> **Aim of the exercise**
Only the lines from the start of the entries through the line with "Johmsee SF.49ers #23" should be returned, each exactly as it stands, and no pictures.

[Collected data entries]
----

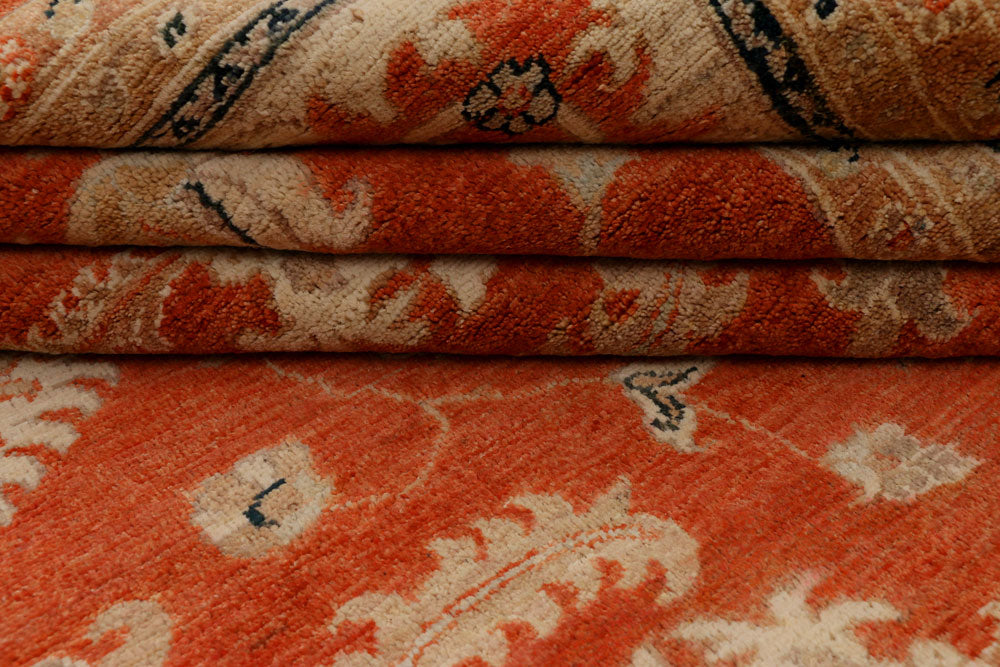 Orange Red Ziegler 8' 2 x 9' 10 - No. 37839 - ALRUG Rug Store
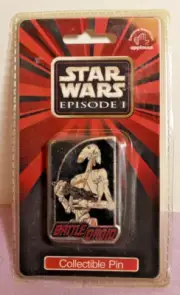STAR WARS Episode 1 Collectible Pin by Applause - BATTLE DROID - New in package
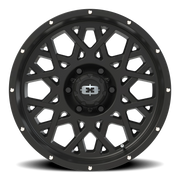 Vision 412 18x9 -12 6x139.7mm 106.2mm Satin Black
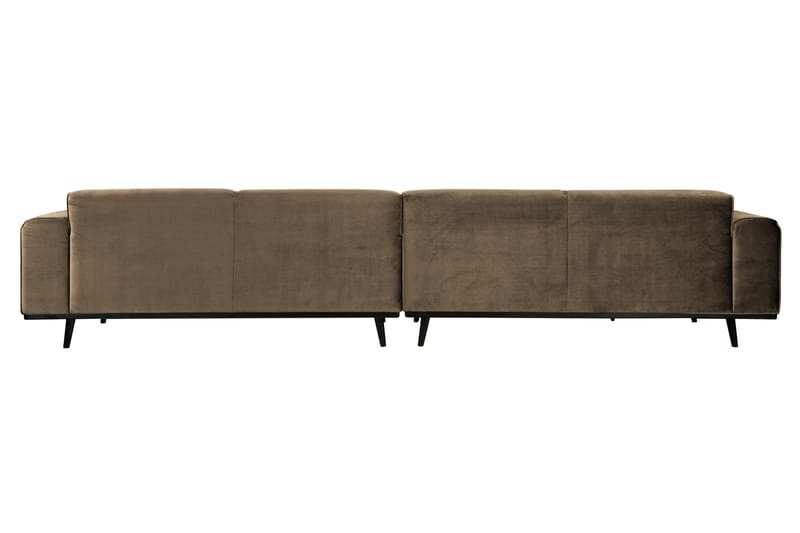 Statement 4-sits Sammetssoffa Large - Taupe - Möbler - Soffa - Sammetssoffa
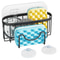 Stainless Steel Sink Sponge Holder Rack Suction Cup Adhesive Kitchen Organizer With Fast Drainage 6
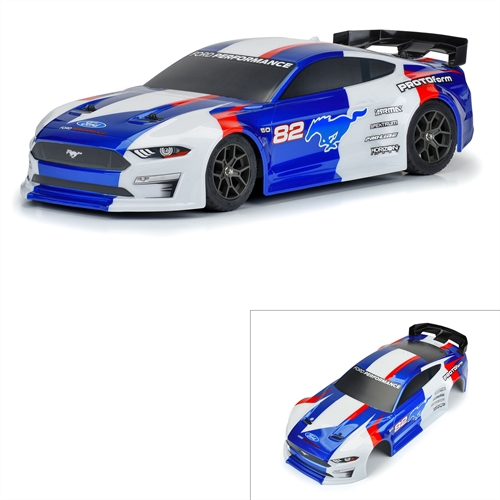 1/8 2021 Ford Mustang Painted Body (Blue): Vendetta & Infrac

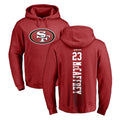 Johmsee SF.49ers #23 Christian McCaffrey Player Red LOGO Pullover Hoodies Home Game Stitched Jerseys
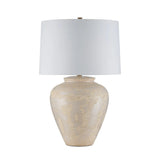 Mimi Ivory Textured Ceramic Table Lamp-Table Lamps-Currey & Co-LOOMLAN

----

> **Answer to the exercise**
 Orange Red Ziegler 8' 2 x 9' 10 - No. 37839 - ALRUG Rug Store
STAR WARS Episode 1 Collectible Pin by Applause - BATTLE DROID - New in package
 Vision 412 18x9 -12 6x139.7mm 106.2mm Satin Black
 Statement 4-sits Sammetssoffa Large - Taupe - Möbler - Soffa - Sammetssoffa
 Stainless Steel Sink Sponge Holder Rack Suction Cup Adhesive Kitchen Organizer With Fast Drainage 6
 1/8 2021 Ford Mustang Painted Body (Blue): Vendetta & Infrac

 Johmsee SF.49ers #23 Christian McCaffrey Player Red LOGO Pullover Hoodies Home Game Stitched Jerseys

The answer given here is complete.